Should Project Owners Dictate Choice Of Subcontractors?

By Bruce Jervis

 

Project owners have legitimate concerns regarding the subcontractors utilized by their contractors. Quality of work is an obvious concern. Issues of job site safety and security also arise. Public project owners have limited control over their contractors’ choice of subs. Private owners have broader discretion, but this authority is not foolproof.

 

On a private construction project in Ohio, the project owner learned that its prime contractor had awarded a subcontract to a company owned by an individual with a grudge against the owner. The individual had threatened an employee of the owner and was engaged in ongoing litigation against the owner. When the project owner directed the contractor to replace the subcontractor, the sub sued the owner for tortious interference with contract.

 

Private project owners are entitled to retain, under the terms of the prime contract, the right to approve in advance all subcontracts. Owners are sometimes reluctant, however, to include this contract language. The implicit control over subcontractors carries with it potential responsibility and liability. Should owners exercise this control or is it better to leave subcontracting to the discretion of the prime contractor? Your comments are welcomed.

 

COMMENTS

Private Work - If an Owner wants to choose his or her sub-contractor, the option should be available. But that said, in a lump sum contract, the owner may have to pay the extra expense of his or her sub-contractor of choosing. The Prime is responsible for their subs, so this should not change the fact, but if the prime feels that it does, then the beauty of private contracts is everything is negotiable and may leverage that concern to get their original sub-contractor back.

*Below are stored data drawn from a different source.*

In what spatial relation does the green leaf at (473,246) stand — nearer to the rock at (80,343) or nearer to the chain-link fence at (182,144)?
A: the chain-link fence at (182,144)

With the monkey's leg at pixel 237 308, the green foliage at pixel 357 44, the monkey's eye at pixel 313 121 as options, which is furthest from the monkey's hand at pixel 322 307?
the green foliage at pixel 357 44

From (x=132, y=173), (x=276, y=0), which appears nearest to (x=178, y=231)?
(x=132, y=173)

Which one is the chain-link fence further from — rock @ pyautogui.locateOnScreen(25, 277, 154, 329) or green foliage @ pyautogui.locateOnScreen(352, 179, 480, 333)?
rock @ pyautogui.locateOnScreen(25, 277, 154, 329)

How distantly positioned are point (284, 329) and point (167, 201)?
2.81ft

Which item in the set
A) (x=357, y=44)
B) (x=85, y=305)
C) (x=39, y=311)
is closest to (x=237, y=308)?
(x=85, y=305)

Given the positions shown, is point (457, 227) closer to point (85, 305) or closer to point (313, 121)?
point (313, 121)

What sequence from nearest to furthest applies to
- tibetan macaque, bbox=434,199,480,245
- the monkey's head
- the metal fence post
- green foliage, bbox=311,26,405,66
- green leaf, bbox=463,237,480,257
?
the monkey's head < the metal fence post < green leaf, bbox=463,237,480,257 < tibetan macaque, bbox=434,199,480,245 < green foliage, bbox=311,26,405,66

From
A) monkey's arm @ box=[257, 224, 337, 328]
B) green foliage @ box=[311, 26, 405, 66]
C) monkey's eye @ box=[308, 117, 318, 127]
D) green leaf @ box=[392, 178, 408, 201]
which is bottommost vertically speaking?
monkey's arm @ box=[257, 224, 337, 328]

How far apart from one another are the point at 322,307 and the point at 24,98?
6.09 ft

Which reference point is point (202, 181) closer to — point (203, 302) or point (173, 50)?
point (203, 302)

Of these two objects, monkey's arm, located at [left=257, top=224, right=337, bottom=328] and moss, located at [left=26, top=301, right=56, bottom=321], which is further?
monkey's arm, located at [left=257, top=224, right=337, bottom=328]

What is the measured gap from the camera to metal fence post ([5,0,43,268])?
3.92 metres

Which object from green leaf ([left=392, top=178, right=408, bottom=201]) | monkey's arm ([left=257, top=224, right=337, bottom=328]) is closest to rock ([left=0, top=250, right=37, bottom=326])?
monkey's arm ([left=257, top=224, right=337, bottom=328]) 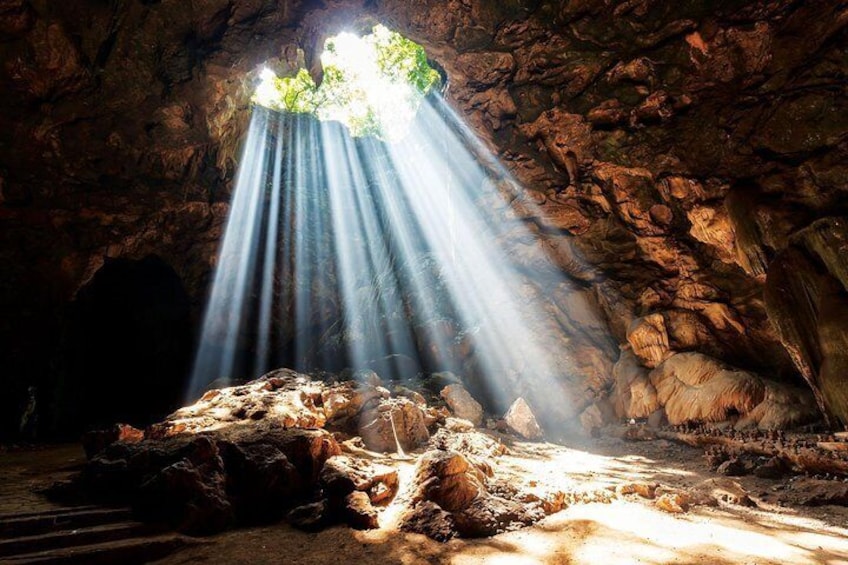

Posted by: Jeff Evans - Friday, July 14, 2017 12:18 PM


I will allow an owner to choose a sub if they want to. I still make the same mark up on their costs, but I do not guarantee their work. If they choose a plumber that is not mine, don't call me when the toilet has hot water in it !
Posted by: Paul Nagy - Friday, July 14, 2017 12:27 PM


There are many good reasons for an Owner to exercise influence on subcontractor selection. They may have a previous bad experience with a particular sub. The Owner may want a sub that they believe has special expertise in the their particular installation. Also in some situations the Owner will have an ongoing service relationship with the sub long after the GC is gone. Having the sub that they need, but with the supervision and coordination of the GC is the best approach.
Posted by: Eden Milroy - Friday, July 14, 2017 1:22 PM


I think the GC should be allowed to hire its subcontractors of choice provided the subcontractors selected are qualified. I see nothing wrong with owners having qualification requirements for subcontractors or have strict qualification requirement s for GC's which include requirements for the GC to hire a qualified sub.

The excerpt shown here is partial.